Large deep learning models, such as ChatGPT, Gemini, DeepSeek, and Grok, have achieved remarkable progress in artificial intelligence’s ability to understand and respond. However, their significant size consumes substantial computational resources, consequently increasing their usage costs.
For this reason, companies are actively striving to maintain the power of these models while reducing their size to lower costs and facilitate easier deployment. This is where the technique of knowledge distillation comes into play.
Knowledge distillation is the process of transferring knowledge from a large, complex model (the teacher) to a smaller, more efficient model (the student). In this context, engineers build a smaller model and, instead of relying solely on the data the large model was trained on, they use the large model’s outputs to train the smaller one. This allows the smaller model to benefit from the implicit knowledge embedded within the larger model, which transcends the importance of mere training data. The student learns to mimic the teacher’s responses rather than developing a deeper understanding independently, all while achieving greater efficiency in the use of computational resources.

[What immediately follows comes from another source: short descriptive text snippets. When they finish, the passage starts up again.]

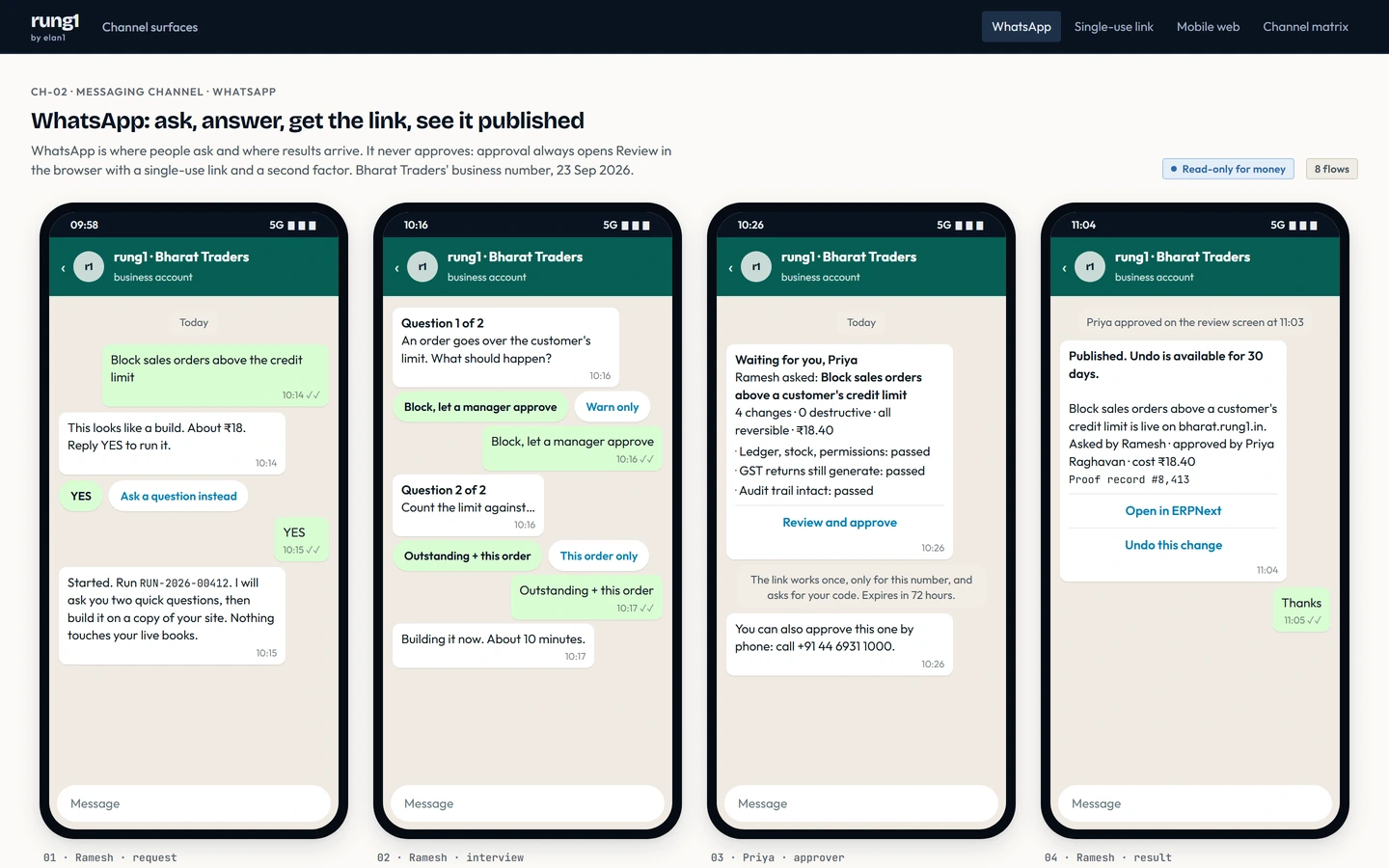 rung1 screen: WhatsApp: ask, answer, approve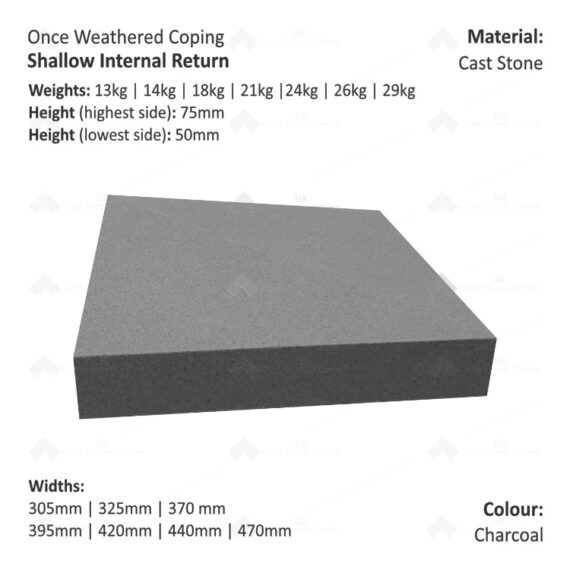 ONCE WEATHERED WALL COPING - Internal Return (Shallow Version) - Image 3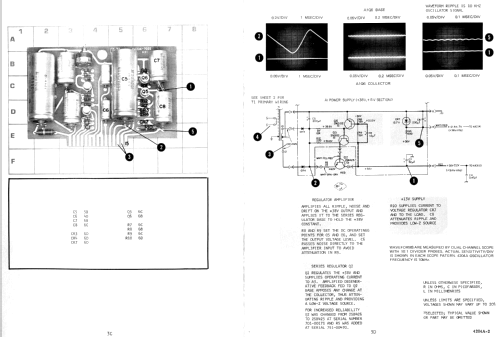 Digital Oscillator 4204A; Hewlett-Packard, HP; (ID = 1348690) Equipment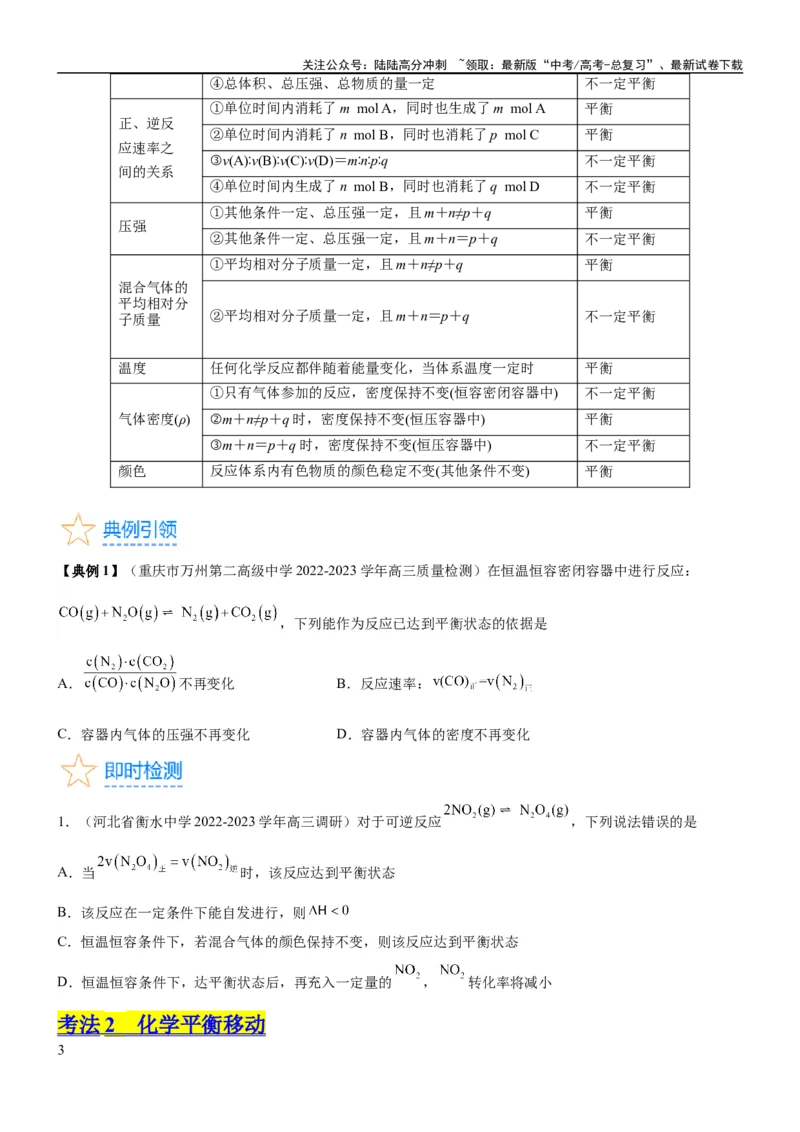 《考点2化学平衡（核心考点精讲精练）-备战2024年高考化学一轮复习考点帮（新高考专用）（原卷版）_05-化学-高考总复习_一轮复习_2024年_2024年高考化学一轮复习考点帮（新高考专用）》第3页预览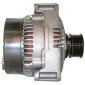 EUROTEC 12041120
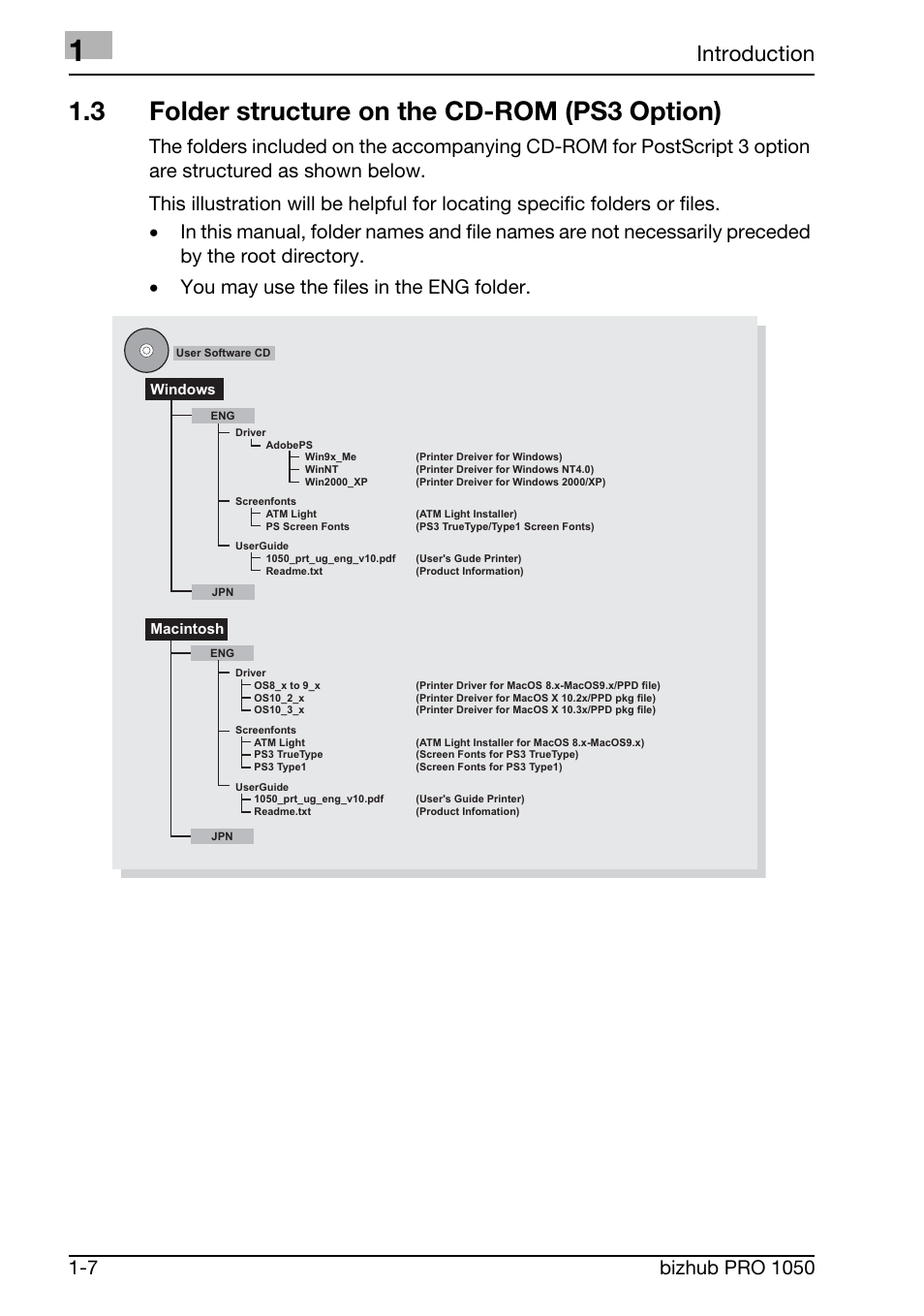 3 folder structure on the cd-rom (ps3 option), Introduction | Konica Minolta BIZHUB PRO 1050 User Manual | Page 15 / 399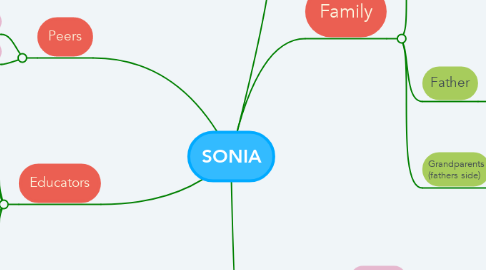Mind Map: SONIA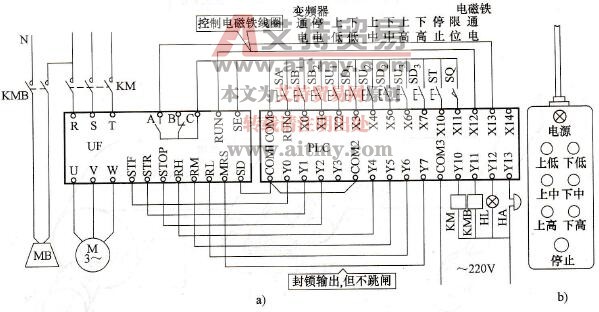 提升机变频控制电路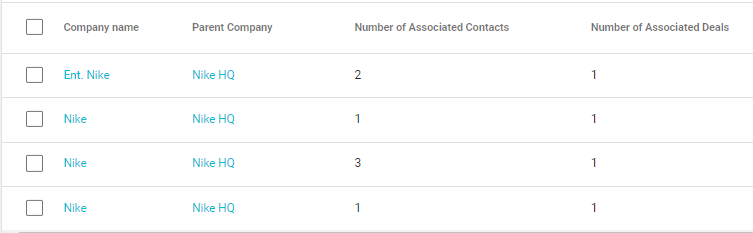 Analyzing hierarchical company records side by side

Companies leverage this technology to offer distilled artificial intelligence models, enabling users to run them directly on their own devices. Furthermore, when companies utilize these distilled models, it helps reduce costs and increase the response speed of AI applications for users.
Additionally, these models can be used directly on user devices and operated efficiently without the need for a network connection and information transfer over the internet, which safeguards user privacy.
However, the distilled model (or student) will naturally not be identical to the capabilities of the teacher model. There is some loss of knowledge due to its smaller size, which may limit its ability to grasp the full depth of knowledge possessed by the teacher. It may also face greater difficulties in cases it hasn’t been adequately trained on, leading to a reduced ability to generalize knowledge.
Moreover, training the distilled model to operate with high efficiency is also a costly process and may not be beneficial in many scenarios.
Despite these challenges, knowledge distillation is fundamental to the development, dissemination, and utilization of artificial intelligence. It ensures easy and rapid access to the latest and most powerful AI models using fewer resources. Consequently, researchers and companies continue to refine distillation strategies, aiming to enhance the efficiency of distilled AI models while minimizing the knowledge gap compared to the teacher.